Paul Kirk Disappoints On Cape Wind Motion -- I suppose it's not a shock and one should have expected it, but it was still disappointing to see Paul Kirk, the temporary tenant of the Kennedy Senate seat, come out looking for yet a further delay in the Cape Wind project to put wind turbines out into Nantucket Sound. Maybe it was a personal Kennedy family request, or maybe, like his friend and former boss, he simply believes that they belong elsewhere. All four of the Democratic primary candidates to the Kennedy seat, including winner Martha Coakley, support the plan.

The Cape Wind project is the most investigated wind farm in the world. Over the past eight years of scrutiny everyone from the Audubon Society to the Corps of Army Engineers to environmentalists have signed off on it. The gauntlet has been fierce and unrelenting, but Cape Wind still is battling. Just recently National Grid, one of New England's largest energy suppliers, signed on to be a purchaser for electricity from Cape Wind when and if it goes online. That was a resounding and timely vote of confidence for the offshore project.

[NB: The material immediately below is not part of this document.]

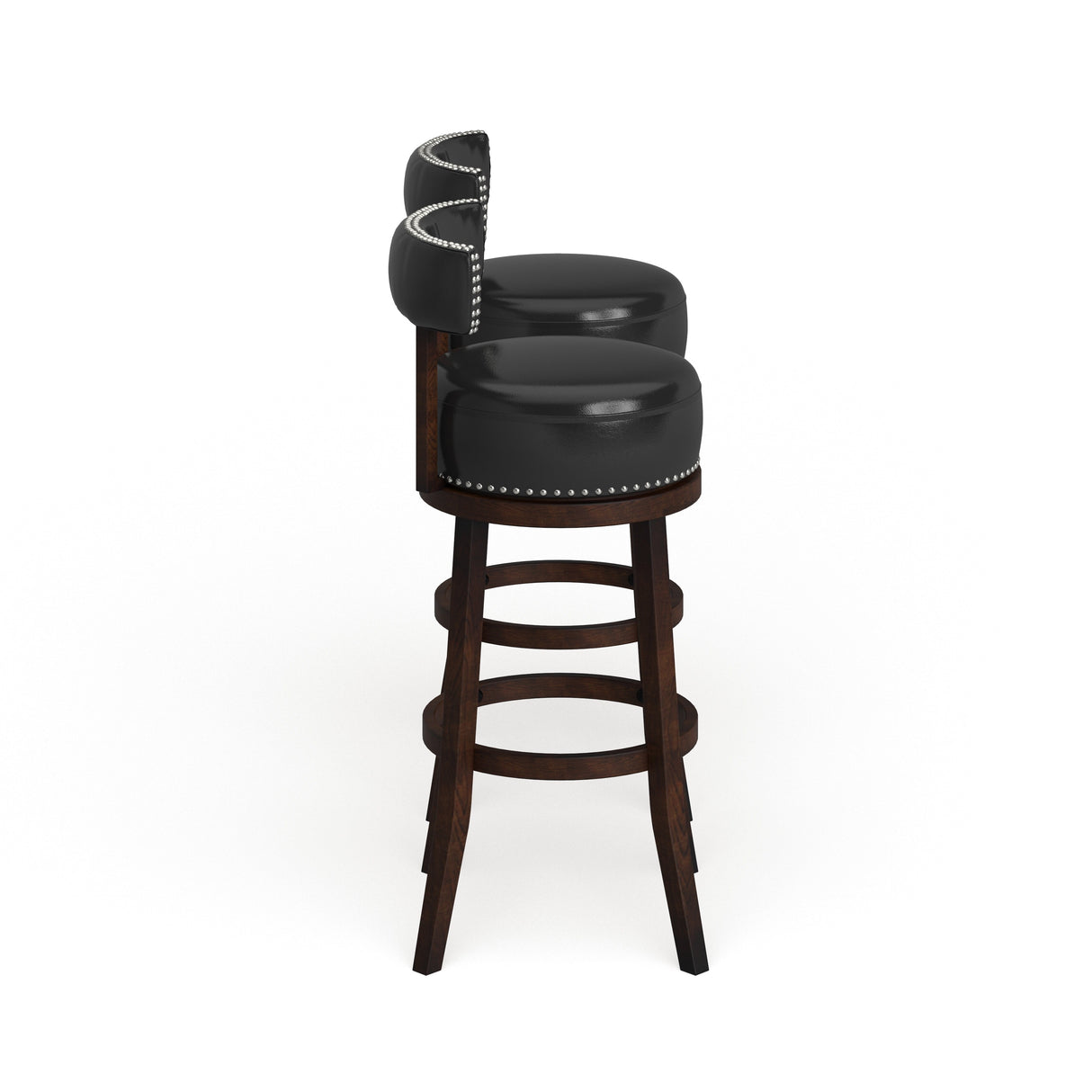 Rogers Transitional Faux Leather Swivel Barstool (Set of 2) by Copper Grove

RIP -- I never really knew Joe Tierney. What I heard about him, I liked, and it's always comforting to see politicians who retain a good memory for where they came from. Back in the late 1980s and early 90s, I ran an educational job-training program for Catholic and Protestant young people from Belfast, Derry, and Dublin. We were always looking for host families around Boston with good character to take in a young person for eight or ten weeks. One of our earliest and most popular families to volunteer was Pat and Joe Tierney. Everyone in our crew loved Pat and her children. They did it with a smile and went the extra mile to make a home away from home for the Irish youngsters. You remember things like that.